However, “[t]hreadbare recitals of the elements of a cause of action, supported by mere conclusory statements, do not suffice.” Iqbal, 556 U.S. at 678. The complaint must provide “more than labels and conclusions” or merely “a formulaic recitation of the elements of a cause of action,” so that “courts ‘are not bound to accept as true a legal conclusion couched as a factual allegation.'” Twombly, 550 U.S. at 555 (quoting Papasan v. Allain, 478 U.S. 265, 286 (1986)). “Determining whether a complaint states a plausible claim for relief will . . . be a context-specific task that requires the reviewing court to draw on its judicial experience and common sense.” Iqbal, 556 U.S. at 679. “[W]here the well-pleaded facts do not permit the court to infer more than the mere possibility of misconduct,” the complaint has made an allegation, “but it has not shown that the pleader is entitled to relief.” Id.
ANALYSIS
“The main point of this Motion,” the Tannenbaum Defendants clarify in their Reply, “is that the limitations on available damages and remedies outlined [at ECF 229-published as Sensoria, LLC v. Kaweske, No. 20-cv-00942-MEH, 581 F.Supp.3d 1243, 1249-55 (D. Colo. Jan. 24, 2022)] render the Plaintiffs without an allowable remedy related to their Eleventh Claim for Relief.” ECF 283 at 1. In other words, the Tannenbaum Defendants seek to apply the January 24, 2022 ruling to the claim brought against them, and they argue that doing so compels its dismissal.
I. The Law of the Case
To add context to the discussion concerning the Tannenbaum Defendants' present argument for dismissal, this Court summarizes the two most recent dispositive rulings. The Court's ruling at ECF 229-published as Sensoria, LLC v. Kaweske, No. 20-cv-00942-MEH, 581 F.Supp.3d 1243 (D. Colo. Jan. 24, 2022)-defined the very narrow avenue of relief that it may provide Plaintiffs on those claims through which they seek redress for investment fraud and corporate mismanagement. Construing the law very broadly in Plaintiffs' favor, the Court saw no legal bar to their ability to recover the return of their investment principal. This was the sole form of compensatory-type damages available (should they prevail on one of their causes of action). Id. at 1261. Moreover, the record already established the amount of their investment principal: $700,000. Id. at 1262.
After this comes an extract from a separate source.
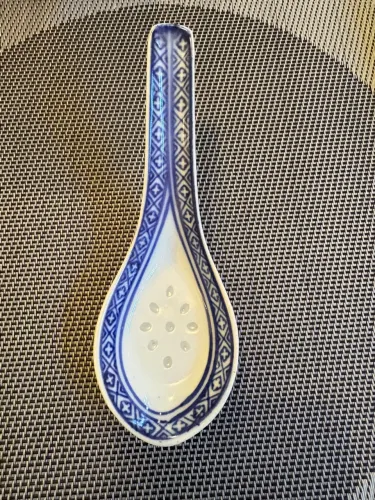 Colher de Sopa Chinesa em Porcelana 13,5 cm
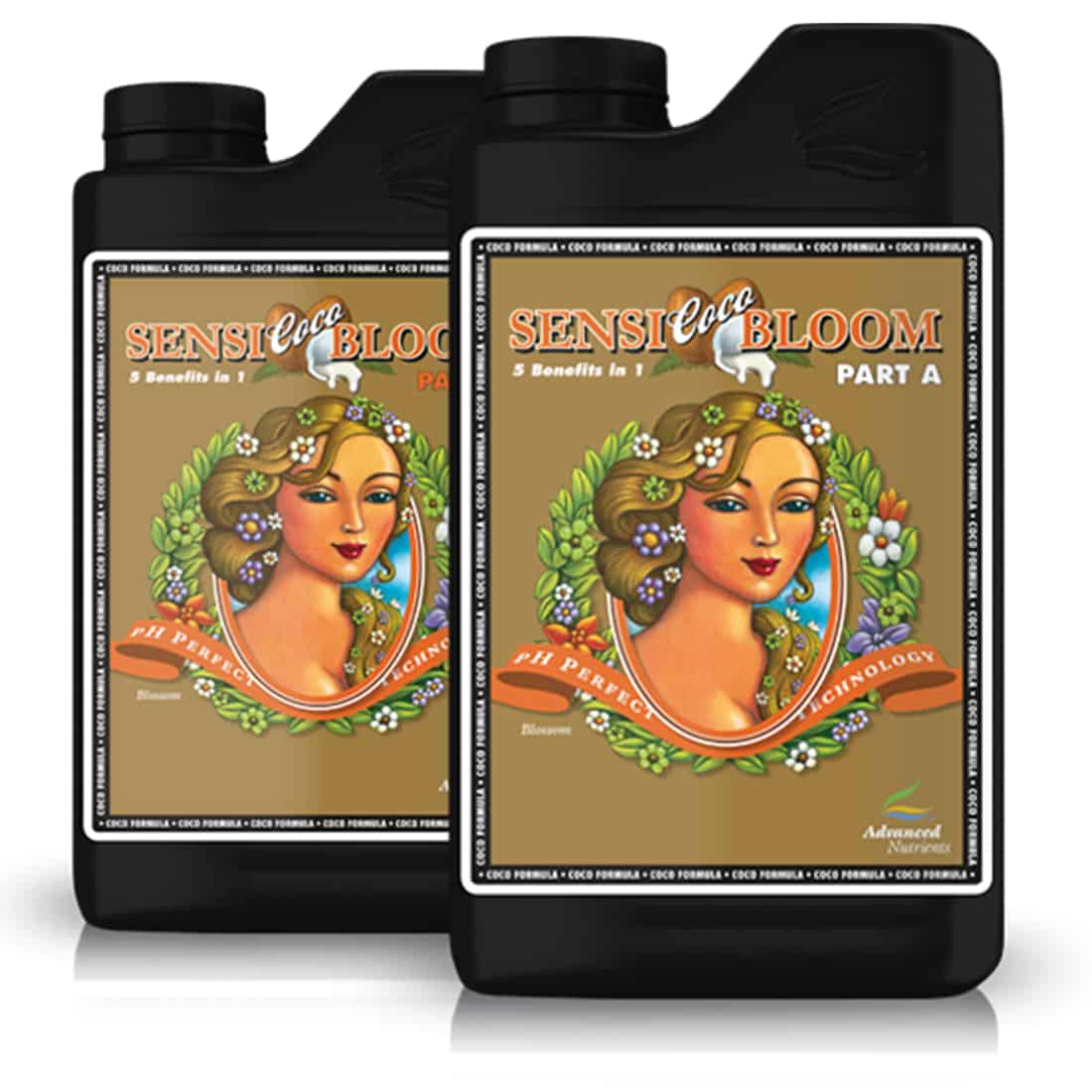 To plastflasker med et volumen på én liter hver, indeholdende næringsstoffer til planter. Flaskerne har en glat, blank overflade og er dekoreret med farverige etiketter. Farverne omfatter grøn, orange og sort, med grafiske elementer som blade og symboler. Etiketterne har tydelig tekst, der angiver produktnavne og brugsanvisninger, placeret centralt på flaskerne.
The Court reiterated several key facets about the nature of this lawsuit:
(1) “Marijuana not only lies at the heart of the investment but at the heart of this lawsuit, as well.” This is the primary obstacle that “affects Plaintiffs' ability to obtain judicial relief.” Id. at 1257.
(2) The enterprise in which Plaintiffs invested and which Defendants operated had “direct involvement in the growing and selling of marijuana,” activities which would violate the comprehensive scheme of marijuana criminalization that the federal Controlled Substances Act, 21 U.S.C. §§ 802, et seq., (“CSA”) created. Id. As it did in that prior ruling, the Court continues to use the term “illegality defense” here as shorthand to cover “not just the specific affirmative defense that applies in the breach of contract context, but all the ways in which the CSA is implicated and limits Plaintiffs' ability to litigate the lawsuit.” Id. at 1260.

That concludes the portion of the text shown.